I have these jobs that run in parallel that call a series of queries on my DB. They’re batched so each job is associated with a group of “bar” objects. So in the example below, temp1
is just a temporary table like:
CREATE TEMPORARY TABLE temp1 (id int(11) NOT NULL, PRIMARY KEY (id))
The problem I’m having is queries like this are deadlocking:
explain update foo join temp1 on foo.bar_id = temp1.id set foo.a = null;
Gives the output (please excuse the formatting):
id select_type table partitions type possible_keys key key_len ref rows filtered Extra 1 UPDATE foo NULL ALL bar_id NULL NULL NULL 222939 100.00 Using where 1 SIMPLE temp1 NULL eq_ref PRIMARY PRIMARY 4 db.foo.bar_id 1 100.00 Using index
So as I understand it, this will lock every row while updating because of that second line. As a sort of band aid, if I put the IDs to update in a temp table everything works fine and the deadlocks stop:
create temporary table temp2 as ( select foo.id from foo join temp1 on foo.bar_id = temp1.id ); explain update foo join temp2 on foo.id = temp2.id set foo.a = null;
Gives:
id select_type table partitions type possible_keys key key_len ref rows filtered Extra 1 SIMPLE temp2 NULL ALL NULL NULL NULL NULL 1135 100.00 NULL 1 UPDATE foo NULL eq_ref PRIMARY PRIMARY 4 db.temp2.id 1 100.00 NULL
So not only does this fix my problem in practice, that result also looks a lot better.
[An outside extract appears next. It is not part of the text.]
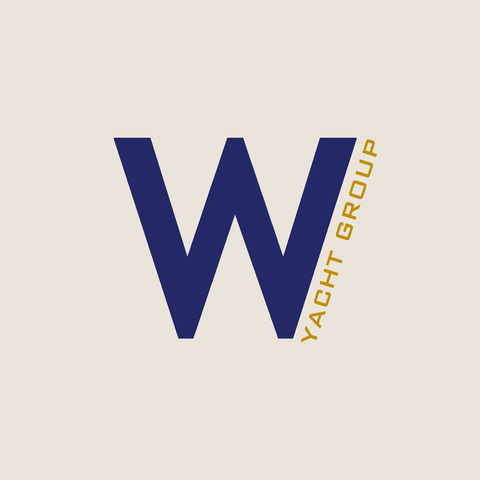 W Yacht Group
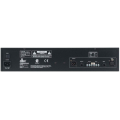 dbx 2031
This is where my MySQL knowledge fails me. I don’t understand why the first query is doing that full scan. I thought it was because it’s not using an index but I tried stuff like force index for join (bar_id)
to no avail.
Is there something better I can do here? I’d at least like to understand what the problem is. Thanks!